++++ Data extract ++++

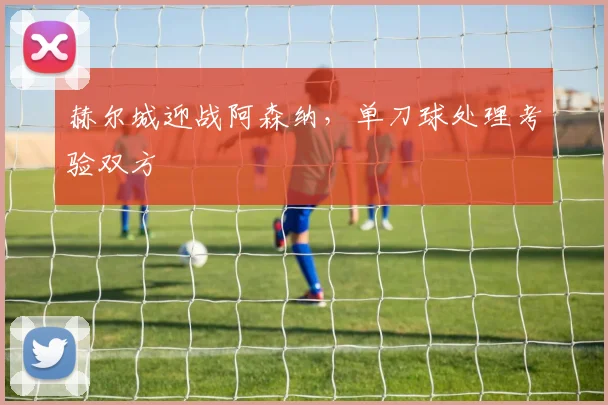 赫尔城迎战阿森纳,单刀球处理考验双方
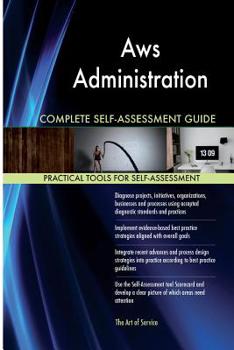 Paperback Aws Administration Complete Self-Assessment Guide Book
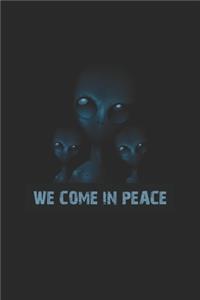 We Come In Peace Alien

++++

The problem -
Where a picture appears, skip it; repeat everything else in the data exactly.

Response area -
 赫尔城迎战阿森纳,单刀球处理考验双方
 Paperback Aws Administration Complete Self-Assessment Guide Book
 We Come In Peace Alien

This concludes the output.